Álvarez de Miranda fue siempre, y no solo en una etapa de su vida (de 1994 a 1999), defensor del pueblo. Fue uno de los más valientes defensores de las libertades civiles desde su juventud, siendo dos veces deportado (en 1962 y en 1969) y encarcelado (en 1974). Fue después defensor de una transición política pacífica y basada en el entendimiento entre todos los españoles, a través de las publicaciones Discusión y Democracia o Cuadernos para el diálogo, o a través de ese primordial think tank de la Transición que fue el Grupo Tácito propiciado por la Asociación Católica de Propagandistas. Amén de su participación directa en los primeros años de la democracia, siendo con Íñigo Cavero y Óscar Alzaga uno de los líderes del grupo democristiano integrado en la UCD. Como presidente de las Cortes Constituyentes fue conocido por todos los españoles como un avezado perito que nos enseñó el arte de la escucha al otro, el respeto mutuo y el diálogo entre todos.
Siempre preocupado por la estabilización social y política de las democracias hispanoamericanas, fue enviado como embajador a El Salvador. La Embajada de España se convirtió con sus nuevos caseros, Fernando y Luisa, su esposa, en el escenario del diálogo y la negociación, en encuentros día tras día con el Gobierno, la oposición y las fuerzas sociales, culturales y económicas de un país enfrentado. En esa embajada fui yo mismo testigo de cómo los jesuitas que dos años después serían asesinados sabían perfectamente que corrían la suerte del martirio, y aún así no dejaron su misión.
También fue un gran defensor de Europa, no de cualquier Europa, sino de la Europa de Adenauer, Schuman, Monet y De Gasperi, que pusieron los cimientos de una comunidad de pueblos unidos en lo económico para logarlo en lo social, en lo político y en su misión solidaria para con el resto de los continentes. Junto a mi padre, Carlos María Bru, tanto en la Asociación Española de Cooperación Europea como en el Consejo Federal Español del Movimiento Europeo, su europeísmo fue incombustible.
Sin duda fue un magnífico defensor del pueblo. Recuerdo una anécdota. Pastoreaba en esos años la diócesis de Alcalá monseñor Manuel Ureña. Un día a las seis de la mañana recibo una llamada suya para ponerse en contacto urgentemente con el defensor del pueblo, porque a un numeroso grupo de niños supervivientes de la catástrofe de Chernóbil nos les dejaban venir a España a pasar unas vacaciones de verano acogidos por familias de parroquias de la diócesis complutense, y estaban en el aeropuerto esperando un milagro para que la diplomacia española admitiese sus visados. Antes de las ocho de la mañana el obispo era recibido por Fernando Álvarez de Miranda, y a las once de la mañana aquellos niños rusos embarcaban en un vuelo a Madrid.

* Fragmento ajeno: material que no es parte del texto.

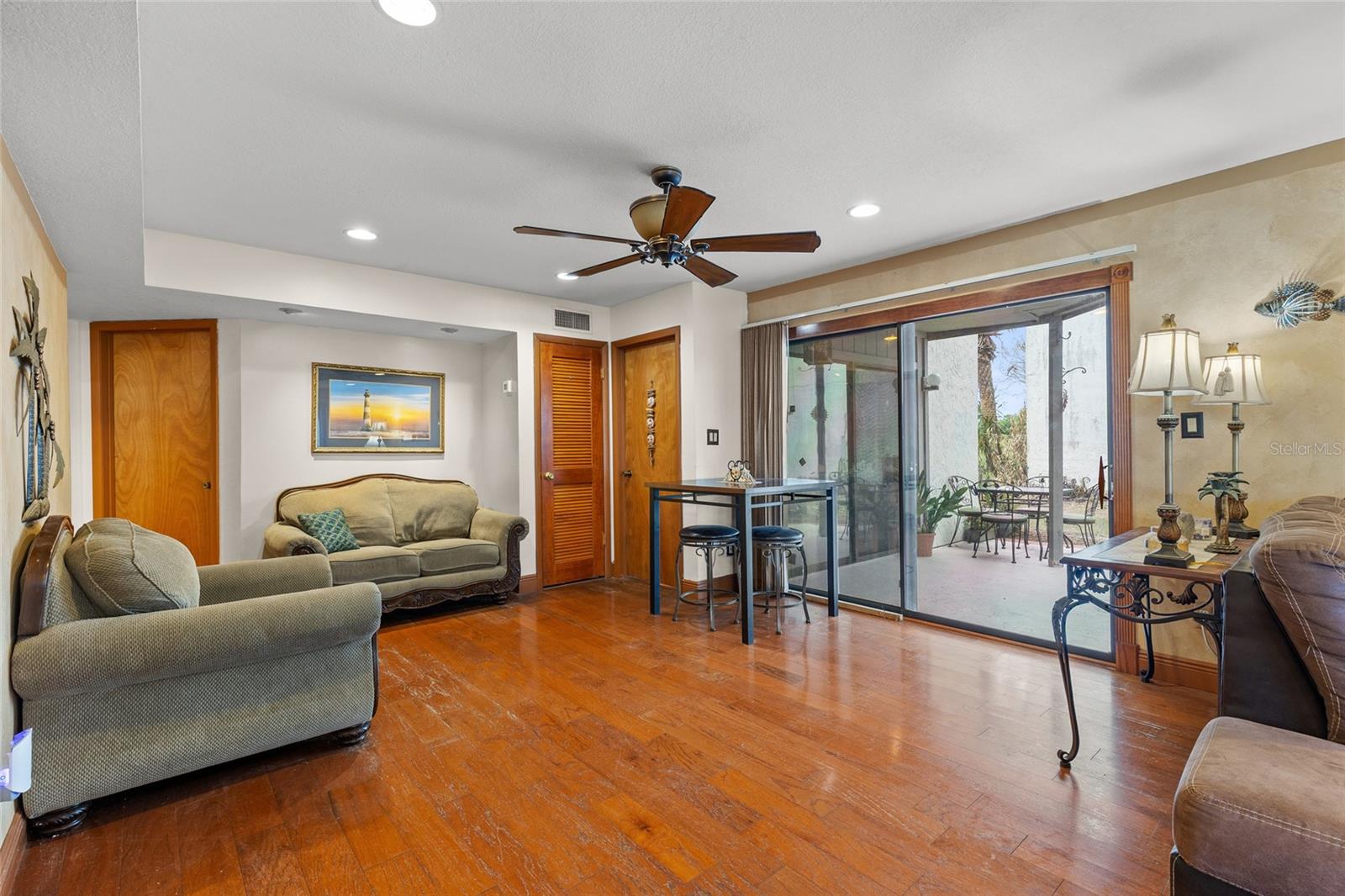 Image 8 of 40 For 4340 Aqua Vista Drive A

Álvarez de Miranda fue también siempre un gran defensor del pueblo de Dios. No solo hacía fuera, como buen católico en la vida pública, sino también hacia dentro. Me decía que, aunque al principio le costó aceptarlo, luego llegó a comprender que el cardenal Tarancón le dijese que si se presentaban los democristianos españoles a las primeras elecciones democráticas bajo ese nombre, no iban a contar con su apoyo. Ya bastante confusión nacional-católica había sufrido España.
En estos últimos años de su vida estaba entusiasmado con todo lo que hace y dice el Papa Francisco. En la entrevista que le hice en 1995 me decía: «Se oculta que en este sistema económico no tienen cabida las dos terceras partes de la población, inexorablemente condenadas a la marginación». Veinte años después este discurso lo pronuncia un Papa al que no pudo llegar a ver personalmente, pero al que escribió agradeciéndole la beatificación de monseñor Óscar Romero.
Fernando Álvarez de Miranda fue grande por su corpulencia y su altura, y espero que siga siendo grande por su corazón capaz de desvivirse allí donde haya una mínima oportunidad para construir la paz, albergar un mayor progreso, defender las libertades e instaurar la justicia.